Fides said its provisional list only includes pastoral care workers, not the many other Catholics who died for their faith this year such as the late Pakistan minister of minorities, Shahbaz Bhatti, and those killed in the bombings of Christian churches in Nigeria on Christmas.
Vatican says 2.5 million saw pontiff at Vatican in 2011
The Prefecture of the Papal Household, the office responsible for handing out free tickets to papal events, estimated more than 2.5 million people saw Pope Benedict XVI at the Vatican in 2011.
The prefecture — headed by U.S. Archbishop James M. Harvey — estimated 500,000 people attended a liturgy celebrated by Pope Benedict in the month of May, according to Catholic News Service.
Pope Benedict beatified Pope John Paul II May 1. While there may have been only 500,000 people with tickets in St. Peter’s Square and on Vatican territory, Italian police had said more than 1 million people were gathered in and around the Vatican and in front of large video screens in several parts of Rome for the Mass.
Almost half of the visitors and pilgrims at papal events in 2011 were members of the crowds gathered on Sundays for the pope’s recitation of the Angelus. The Vatican said more than 1.2 million people joined the pope for the noon prayer at the Vatican or in Castel Gandolfo, his summer residence.
The pope held 45 weekly general audiences on Wednesdays in 2011, speaking to a combined total of about 400,000 people.
Special papal audiences for groups drew about 102,000 people to the Vatican and papal liturgies were attended by about 846,000 people, the papal household said.

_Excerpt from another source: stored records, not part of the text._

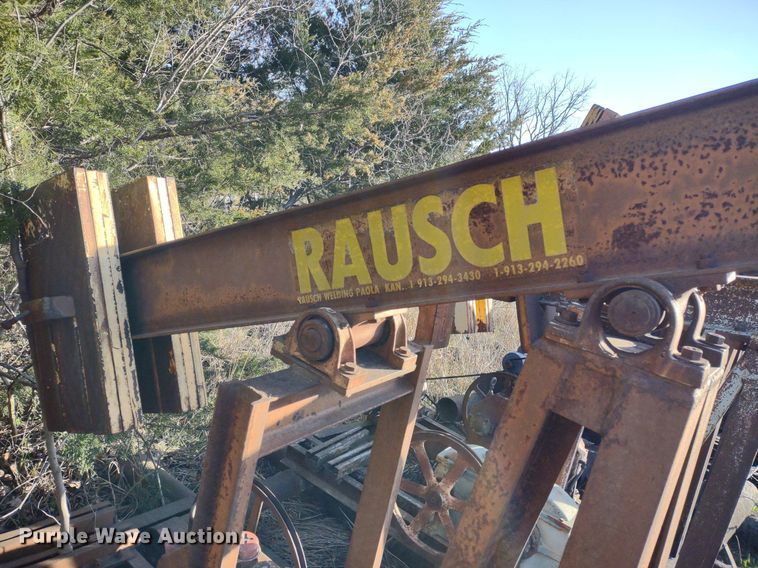 image for item DQ1627 (7) pump jacks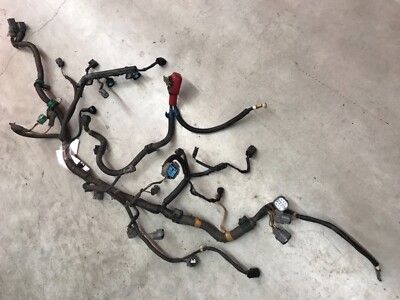 1998 Acura Integra Engine Diagram : Genuine Oem Acura Bolt Flange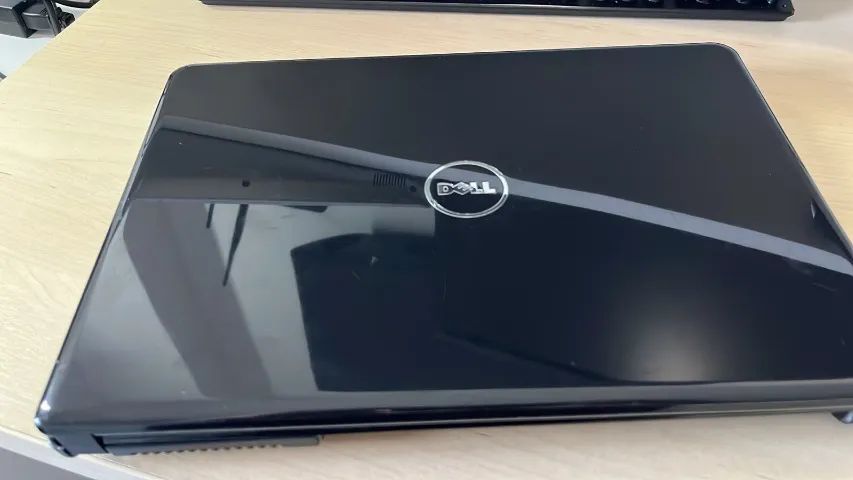 Notebook Dell Core i3 Ótimo Estado (Sem Bateria) - Foto 3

The 2.5 million figure for 2011 marked an increase in participation compared to 2010, when the office estimated the crowds at a total of just under 2.3 million people.
The Vatican estimated that just more than 18 million people joined Pope Benedict for an audience, Angelus or Mass from his election in April 2005 through his weekly general audience Dec. 28, 2011.

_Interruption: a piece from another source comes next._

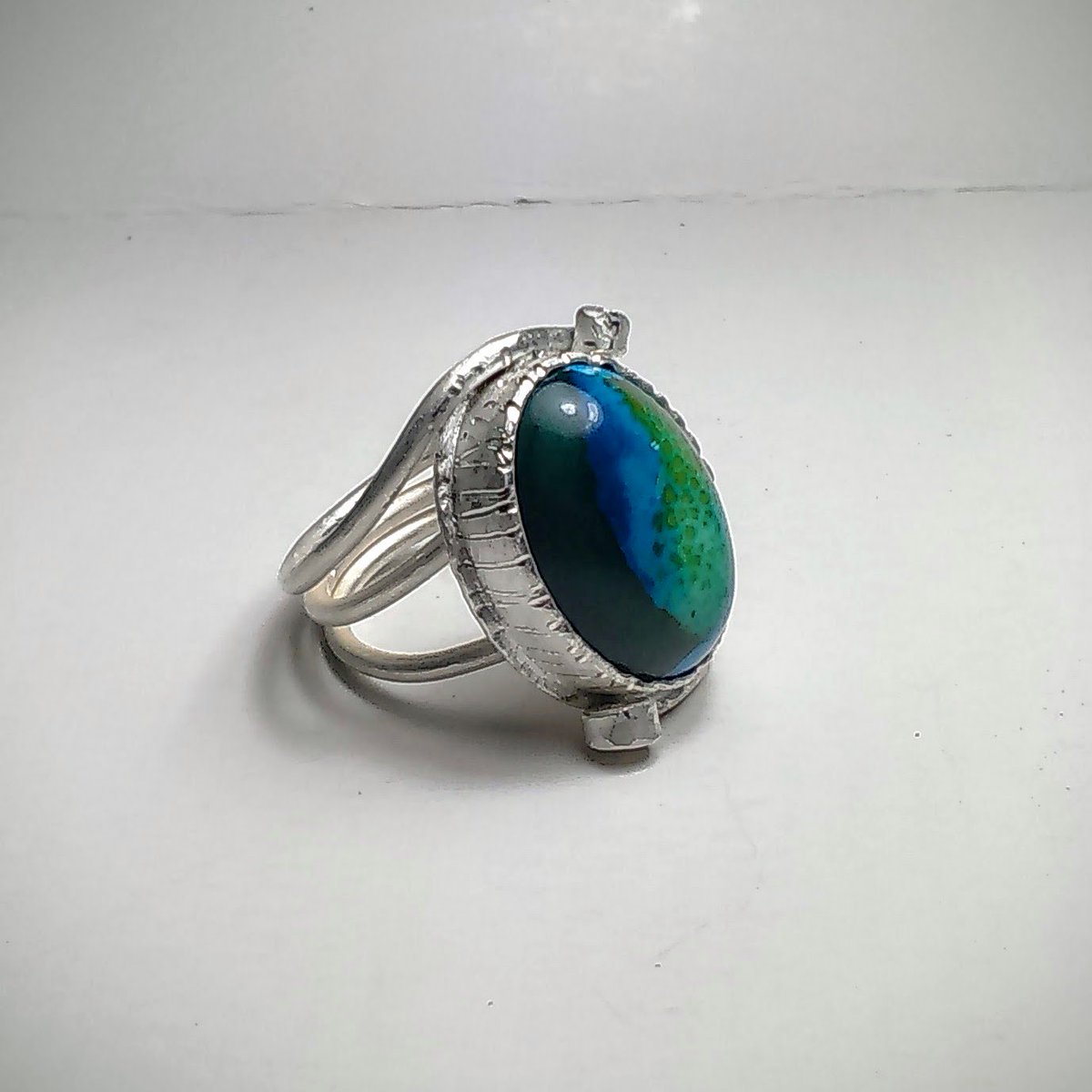 PitSavo's tweet image. Oreficeria. Un'arte antica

Pope to visit Mexico March 23-26, spokesman says
A spokesman for the Mexican bishops’ conference confirmed details of Pope Benedict XVI’s upcoming visit to Mexico originally published by the newspaper Reforma, which reported the papal visit would occur March 23-26, according to Catholic News Service.

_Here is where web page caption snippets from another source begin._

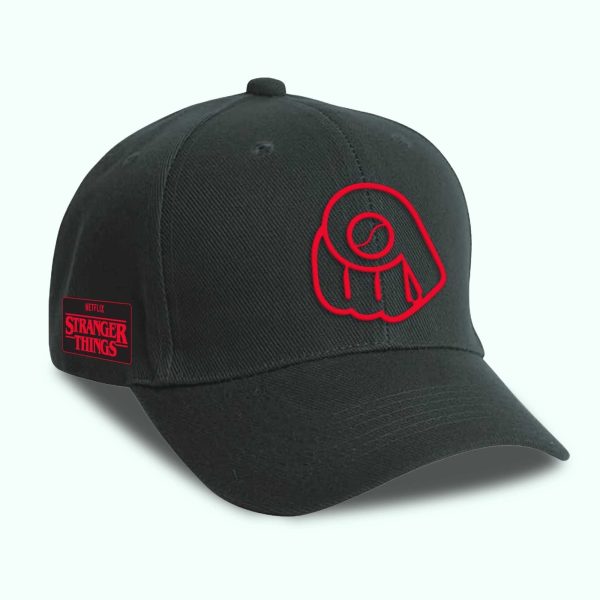 Brewers Stranger Things Night Hat 2025 Giveaway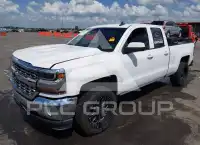 2018 Chevrolet Silverado фото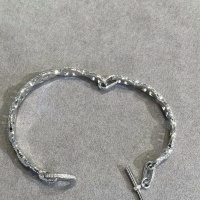 $60.00 USD Hermes Bracelets #1160621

The spokesman, Father Manuel Corral, stressed that details of the visit “are not official,” although he said the pope would only visit the state of Guanajuato and its environs in west-central Mexico. Father Corral said specific details of the visit would likely be made public before the end of the year.
Reforma, citing comments from the president of the bishops’ conference, Archbishop Carlos Aguiar Retes of Tlalnepantla, reported that Pope Benedict would celebrate Mass March 25 at the Parque Guanajuato Bicentenario in Silao, near the city of Leon and 220 miles northwest of Mexico City.
Pope Benedict also is expected to visit Cuba during his trip, the first to both countries since he was elected in 2005.
New Pew study estimates global Christian population at 2 billion
According to a new study, there are currently 2.18 billion Christians in more than 200 countries around the world, representing nearly a third of the estimated 6.9 billion 2010 global population.
The study, conducted by the Pew Research Center’s Forum on Religion & Public Life, found Christians to be so geographically widespread that no single continent or region can indisputably claim to be the center of global Christianity.
The Pew study, “Global Christianity: A Report on the Size and Distribution of the World’s Christian Population,” cites that 100 years ago, two-thirds of the world’s Christians lived in Europe but today only about a quarter of all Christians live there. More than one-third of Christians reside in the Americas; about a quarter live in sub-Saharan Africa and 13 percent live in Asia and the Pacific, according to a Catholic News Service report.
The data indicates that during the past 100 years, the number of Christians around the world has more than tripled from historical estimates of approximately 600 million in 1910 to more than 2 billion today. But the world’s overall population has also risen rapidly, from an estimated 1.8 billion in 1910 to 6.9 billion in 2010. As a result, Christians make up about the same portion of the world’s population in 2010 (32 percent) as they did a century ago (35 percent).
The study also reveals that although Europe and the Americas are still home to a majority (63 percent) of the world’s Christians, that share is much lower than it was in 1910 when it was 93 percent. In the past 100 years, the number of Christians grew significantly in sub-Saharan Africa and the Asia-Pacific region.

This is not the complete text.